"""

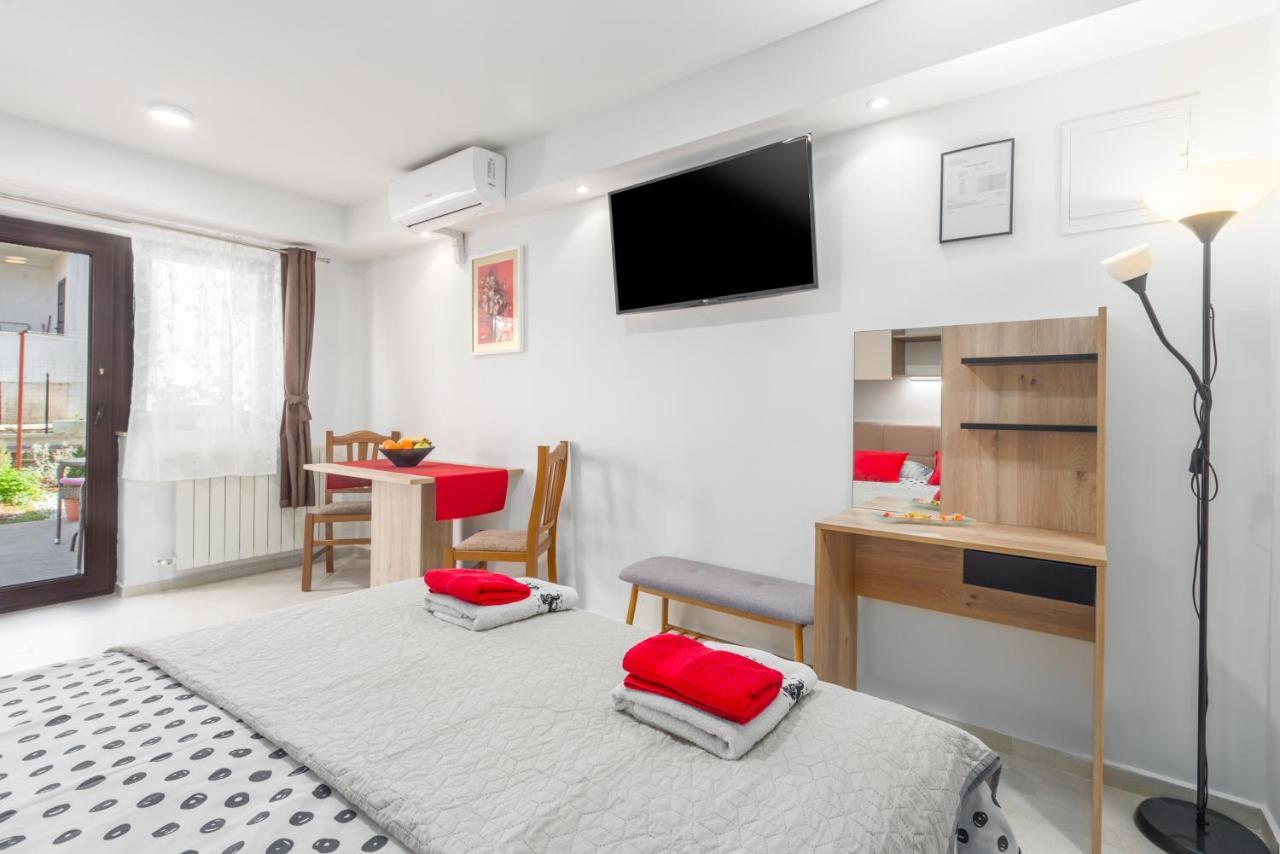 Alex Deluxe Apartments On Beach Пореч Екстериор снимка
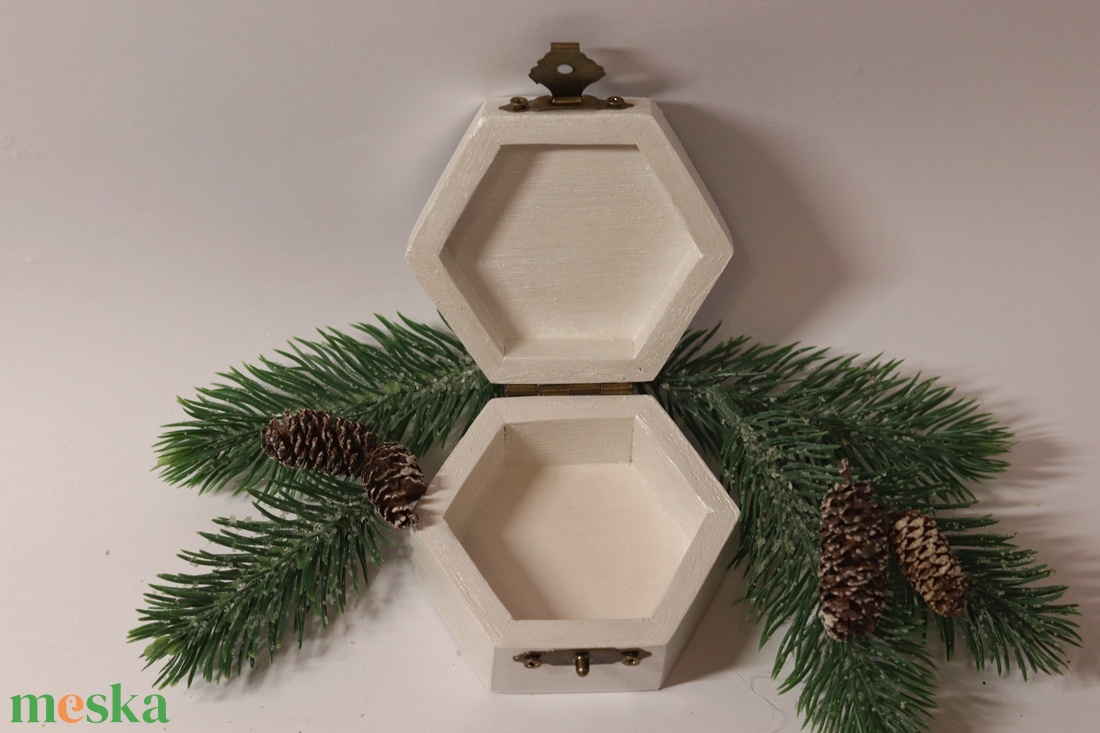 Madaras karácsonyi ajándékdoboz - karácsony - karácsonyi ajándékozás - karácsonyi ajándékcsomagolás - Meska.hu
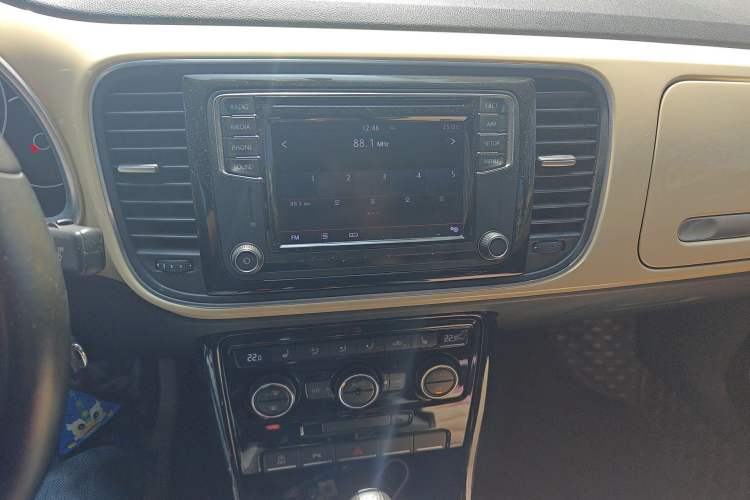 Used Volkswagen Beetle 2019 180TSI Collector's Edition Audio And AC Panel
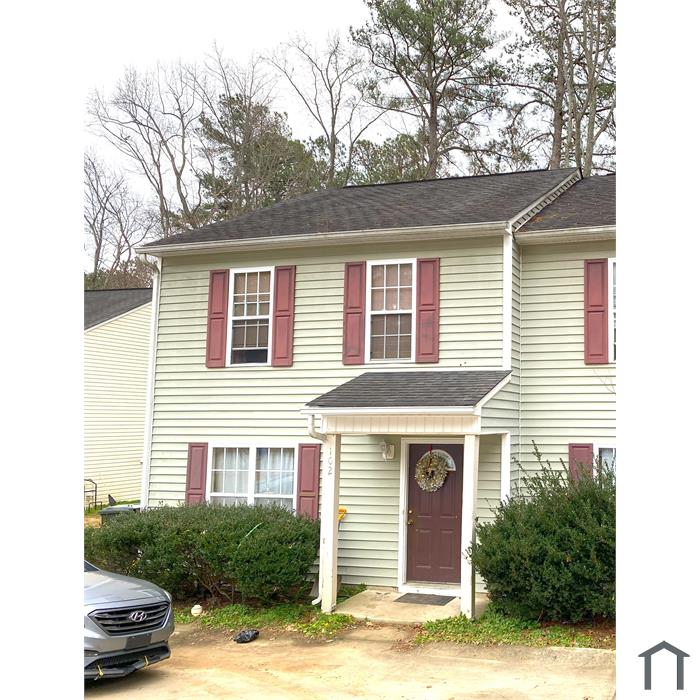 1700 Fox Hollow Dr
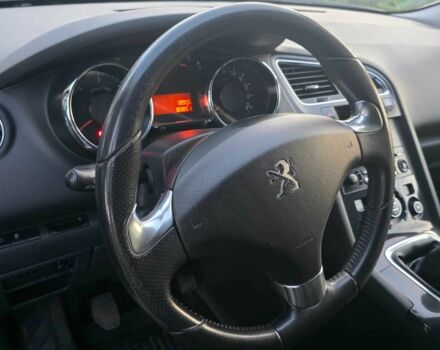 Білий Пежо 5008, об'ємом двигуна 1.6 л та пробігом 183 тис. км за 9000 $, фото 5 на Automoto.ua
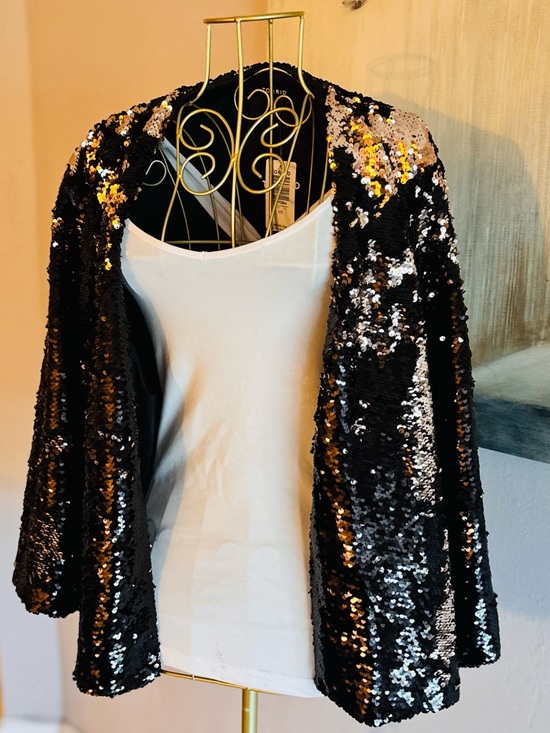 torrid Jackets & Blazers - NWT Torrid Runway Black Sequin Kimono Cardigan Size 1/2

"""

Give the listing again, exactly as it appears, but without its images.

#### SOLUTION TO THE EXERCISE:
 Alex Deluxe Apartments On Beach Пореч Екстериор снимка
 Madaras karácsonyi ajándékdoboz - karácsony - karácsonyi ajándékozás - karácsonyi ajándékcsomagolás - Meska.hu
 Used Volkswagen Beetle 2019 180TSI Collector's Edition Audio And AC Panel
 1700 Fox Hollow Dr
 Білий Пежо 5008, об'ємом двигуна 1.6 л та пробігом 183 тис. км за 9000 $, фото 5 на Automoto.ua
 torrid Jackets & Blazers - NWT Torrid Runway Black Sequin Kimono Cardigan Size 1/2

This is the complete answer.